Kyle Reginaid Adnam (born 18 November 1993) is an Australian professional basketball player for the Wellington Saints of the New Zealand National Basketball League (NZNBL).

Early life
Adnam was born and raised in the Melbourne suburb of Lilydale. He played junior basketball for the Mt. Evelyn Meteors. In 2013, Adnam played in the Victorian Youth Championship (VYC) for the Kilsyth Cobras, a season which culminated in him scoring 37 points in the VYC Grand Final, to lead the Cobras to victory. He subsequently earned VYC All-Star Five honours and was named the league MVP. In 24 games for the Cobras in 2013, he averaged 17.7 points, 5.0 rebounds, 4.1 assists and 1.4 steals per game.

Professional career

NBL
For the 2013–14 NBL season, Adnam joined the Adelaide 36ers as a development player. He appeared in three games for the 36ers in 2013–14, scoring a total of four points. He continued on as a development player in the 2014–15 NBL season with the Wollongong Hawks. He appeared in six games for the Hawks in 2014–15, scoring a total of eight points.

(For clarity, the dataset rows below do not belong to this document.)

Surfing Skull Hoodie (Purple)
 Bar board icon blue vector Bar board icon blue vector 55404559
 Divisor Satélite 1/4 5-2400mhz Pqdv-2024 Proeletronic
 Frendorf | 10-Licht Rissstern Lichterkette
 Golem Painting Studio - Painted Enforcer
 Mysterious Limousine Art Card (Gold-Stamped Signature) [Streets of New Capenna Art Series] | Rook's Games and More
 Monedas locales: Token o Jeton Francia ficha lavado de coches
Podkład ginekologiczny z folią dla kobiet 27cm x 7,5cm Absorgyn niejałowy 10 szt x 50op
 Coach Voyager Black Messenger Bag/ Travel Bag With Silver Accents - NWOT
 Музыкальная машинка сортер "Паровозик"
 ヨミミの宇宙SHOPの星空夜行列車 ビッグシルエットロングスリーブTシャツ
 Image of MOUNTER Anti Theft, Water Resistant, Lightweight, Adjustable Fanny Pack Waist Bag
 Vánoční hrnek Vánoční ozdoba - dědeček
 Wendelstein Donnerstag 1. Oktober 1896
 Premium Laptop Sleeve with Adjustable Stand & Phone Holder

Adnam was a development player for a third season in 2015–16 with Melbourne United. On 12 February 2016, he scored a team-high 16 points in 28 minutes off the bench in a 100–63 loss to the New Zealand Breakers. He appeared in eight games for United in 2015–16, averaging 2.3 points per game. Adnam re-joined Melbourne United as a development player for the 2016–17 NBL season. On 4 November 2016, he scored a team-high 19 points off the bench in a 98–92 overtime loss to the Breakers. He appeared in 20 games for United in 2016–17, averaging 3.6 points and 1.2 assists per game.

For the 2017–18 NBL season, Adnam was elevated to United's full-time roster. On 14 October 2017, he scored a career-high 23 points with six 3-pointers in a 99–79 win over the Adelaide 36ers. He helped United win the 2018 NBL championship and averaged 3.5 points per game in 30 games.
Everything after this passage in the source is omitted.